PKS Tolak Bahas Omnibus Law Saat Pandemi Corona: Nyawa Masyarakat Lebih Utama

Nur Azizah Rizki Astuti - detikNews
Selasa, 21 Apr 2020 10:16 WIB
Juru bicara PKS Pipin Sopian
Juru bicara PKS Pipin Sopian (Foto: dok. Istimewa)
Jakarta -

PKS menolak pembahasan omnibus law RUU Cipta Kerja pada masa pandemi virus Corona. PKS menilai seharusnya keselamatan masyarakat lebih diutamakan.

"Sikap PKS jelas menolak pembahasan omnibus law saat pandemi COVID-10. Keselamatan nyawa masyarakat lebih utama. Semua energi seharusnya disalurkan ke sana," kata juru bicara PKS Pipin Sopian kepada wartawan, Selasa (21/4/2020).

Fraksi PKS diketahui tidak mengirimkan nama dalam Panja RUU Cipta Kerja di Badan Legislasi (Baleg) DPR. Jika RUU Cipta Kerja dibahas sekarang, menurut Pipin, akan menimbulkan kegaduhan dan aksi penolakan dari masyarakat.

"Apalagi RUU Omnibus Cipta Kerja ini kontroversial. Akan lahirkan kegaduhan. Saya lihat ini dipaksakan pemerintah dan partai pendukung pemerintah agar tidak diganggu oleh aksi penolakan masyarakat, terutama dari kalangan buruh," ujar Pipin.

Namun, Pipin menegaskan, PKS akan siap membahas RUU Cipta Kerja jika pandemi Corona sudah berakhir. Jika RUU tetap dibahas saat ini, menurut Pipin, nyawa rakyat tidak dipedulikan.

"PKS akan gabung dalam pembahasan kalau wabah COVID-19 berakhir. Jika Panja RUU Ciptaker tetap jalan membahas bersama pemerintah, saya melihat mereka nggak peduli suara dan nyawa rakyat," tegasnya.

Seperti diketahui, Badan Legislasi DPR telah membentuk Panitia Kerja RUU Cipta Kerja yang dipimpin Ketua Baleg Supratman Andi Agtas.
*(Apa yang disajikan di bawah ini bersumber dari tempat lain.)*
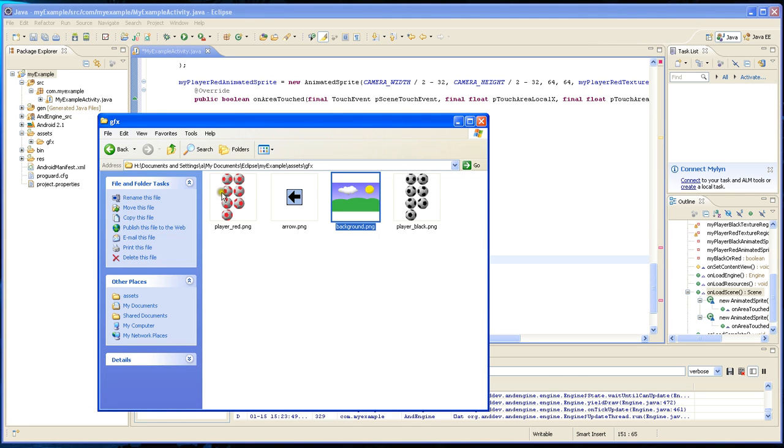The only problem with this image is that it will just simply run through these one by one and there will be a blank here because it will take one image, one image, one image and when it gets down here there will be a blank here.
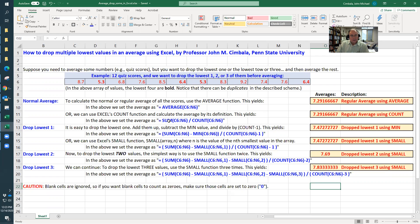Or you can use the sum of all the values divided by count. And count just tells you how many of them there are. And that gives you the same value, so that same average. So that makes sense.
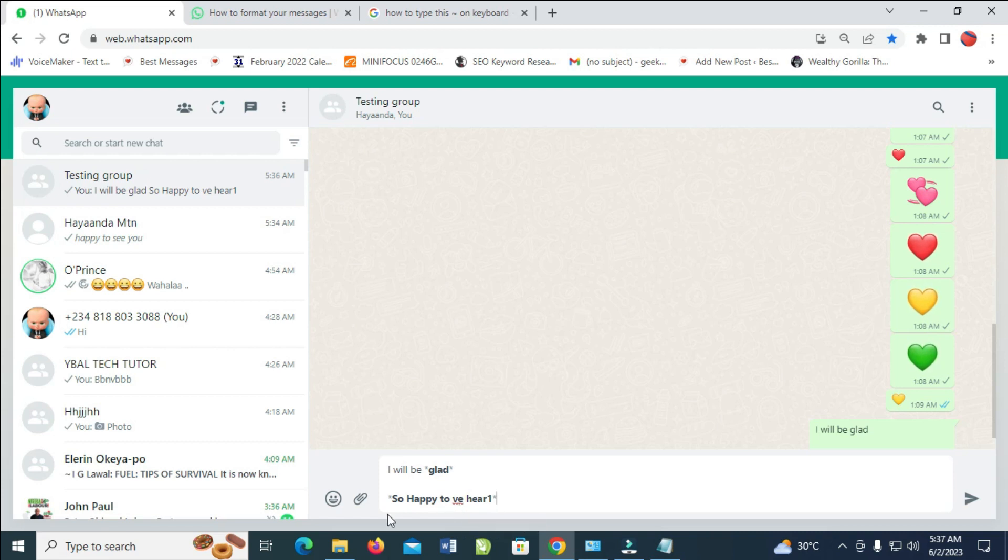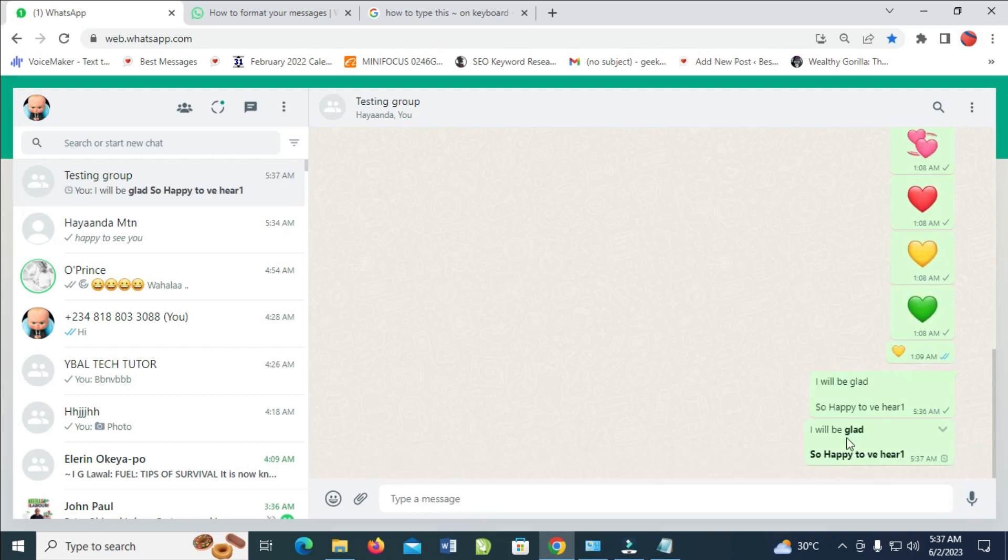And also this asterisk is there. So when you send, the asterisk will be removed. So let's send it. As you can see this is the first one and here is a simple one.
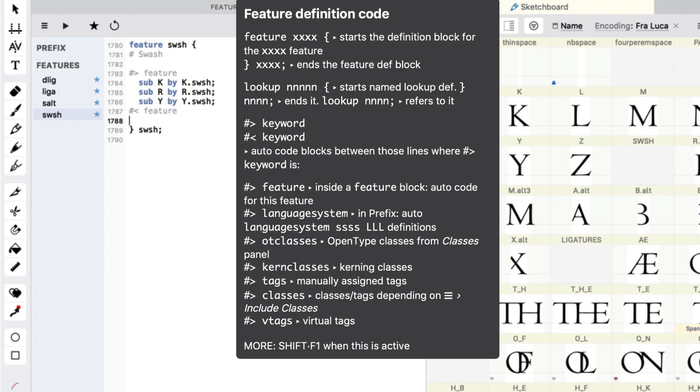So, that is how you get started with the features, using some of those auto features. Good stuff. That's how you get started with the features in FontLab 7. Okay, we will see you in the next video.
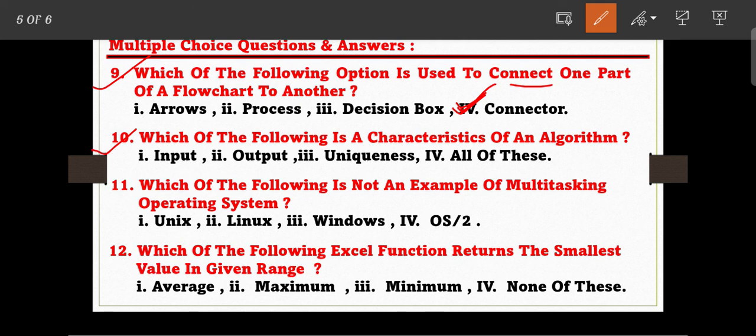Question number ten: which of the following is a characteristic of an algorithm? The options are: Input, Output, Uniqueness, and All of these. Option number four — all of these — is the correct answer, as input, output, and uniqueness are all features of an algorithm.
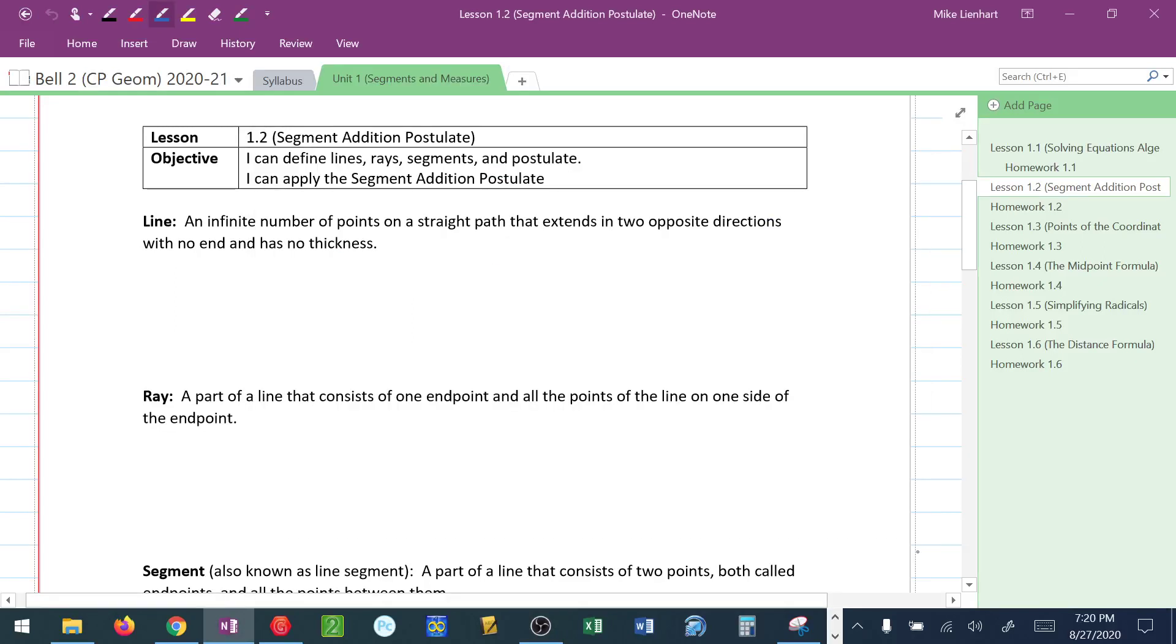This lesson is about the segment addition postulate. We've actually got a couple objectives here.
Dari sembilan fraksi yang ada di DPR, hanya Fraksi PKS yang tidak mengirimkan perwakilan untuk Panja RUU Cipta Kerja.

"Menyetujui pembentukan Panitia Kerja RUU tentang Cipta Kerja," demikian kesimpulan rapat Baleg DPR tertanggal 7 April 2020, seperti dikutip detikcom, Senin (20/4).

PKS-PD Minta Tunda Bahas RUU Cipta Kerja, Fokus Corona Dulu:

(azr/elz)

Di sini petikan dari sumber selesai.